Discussion
You’re still signing data structures the wrong way
formerly_proven: This article claims that these are somewhat open questions, but they're not and have not been for a long time.#1 You sign a blob and you don't touch it before verifying the signature (aka "The Cryptographic Doom Principle") #2 Signatures are bound to a context which is _not_ transmitted but used for deriving the key or mixed into the MAC or what have you. This is called the Horton principle. It ensures that signer/verifier must cryptographically agree on which context the message is intended for. You essentially cannot implement this incorrectly because if you do, all signatures will fail to verify.The article actually proposes to violate principle #2 (by embedding some magic numbers into the protocol headers and presuming that someone will check them), which is an incorrect design and will result in bad things if history is any indication.Principles #1 and #2 are well-established cryptographic design principles for just a handful of decades each.
ahtihn: Maybe I'm misunderstanding the article but I'm fairly sure the magic number is not transmitted.It's used exactly as you say: a shared context used as input for the signature that is not transmitted.
lokar: What if (and this is perhaps to big an if), you only ever serialize and de-serialize with code generated from the IDL, which always checks the magic numbers (returning a typed object(?
lokar: No, I'm pretty sure they are saying you need to transmit it
jcalvinowens: I think not:> Note that the domain separator does not appear in the eventual serialization (which would waste bytes), since both signer and receiver agree on it via this shared protocol specification.But saying it's about wasting bytes is a little confusing, as you observe that isn't really the point.
nightpool: No, they propose just concatenating it with the data received from the network> it makes a concatenation of the domain separator (@0x92880d38b74de9fb) and the serialization of the object, and then feeds the byte stream into the signing primitive. Similarly, verification of an object verifies this same reconstructed concatenation against the supplied signature.> Note that the domain separator does not appear in the eventual serialization (which would waste bytes), since both signer and receiver agree on it via this shared protocol specification. Encrypt, HMAC, and hash work the same way
Muromec: So another lesson had been relearned from asn.1. I'm proud of working in this industry again! Next we will figure out to always put versions into the data too
jbmsf: That was my first thought as well.

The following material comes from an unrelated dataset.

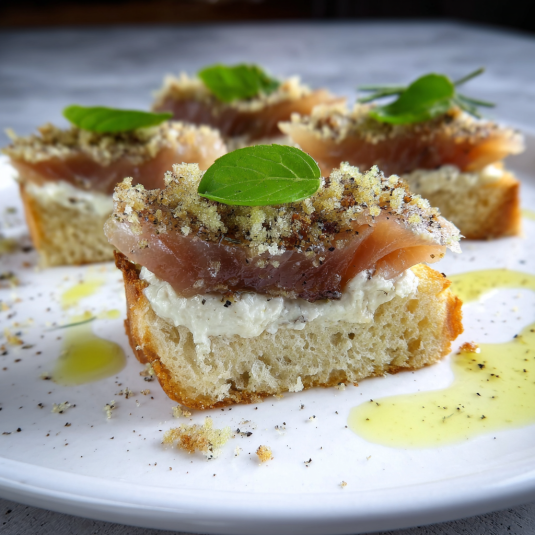 Piatti con salmone e erbe.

logicallee: along the same lines, did you know that you can get an authenticated email that the listed sender never sent to you? If the third party can get a server to send it to themselves (for example Google forms will send them an email with the contents that they want) they can then forward it to you while spoofing the from: field as Google.com in this example, and it will appear in your inbox from the "sender" (Google.com) and appear as fully authenticated - even though Google never actually sent you that.This is another example where you would think that "who it's for" is something the sender would sign but nope!
jeffrallen: [delayed]
Retr0id: Putting domain separators in the IDL is interesting but you can also avoid the problem by putting the domain separators in-band (e.g. in some kind of "type" field that is always present).Depending on what your input and data model look like, canonicalisation takes O(nlogn) time (i.e. the cost of sorting your fields).Here I describe an alternative approach that produces deterministic hashes without a distinct canonicalization step, using multiset hashing: https://www.da.vidbuchanan.co.uk/blog/signing-json.html
majormajor: I think a lot of people assume that the "name" of the type, for protos, will be preserved somewhere in the output such that a TreeRoot couldn't be re-used as a KeyRevoke. It makes sense that it isn't - you generally don't want to send that name every time - but it's non-obvious to people with a object-oriented-language background who just think "ah, different types are obviously different types." The serialization cost objection is generally what I've often seen against in-bound type fields and such, as well, so having a unique identifier that gets used just for signature computation is clever.What's over my head possibly, from skimming it, about your multiset hashing is how it avoids the "these payloads have the same shape, so one could be re-sent as the other" issue? It seems like a solution to a different problem?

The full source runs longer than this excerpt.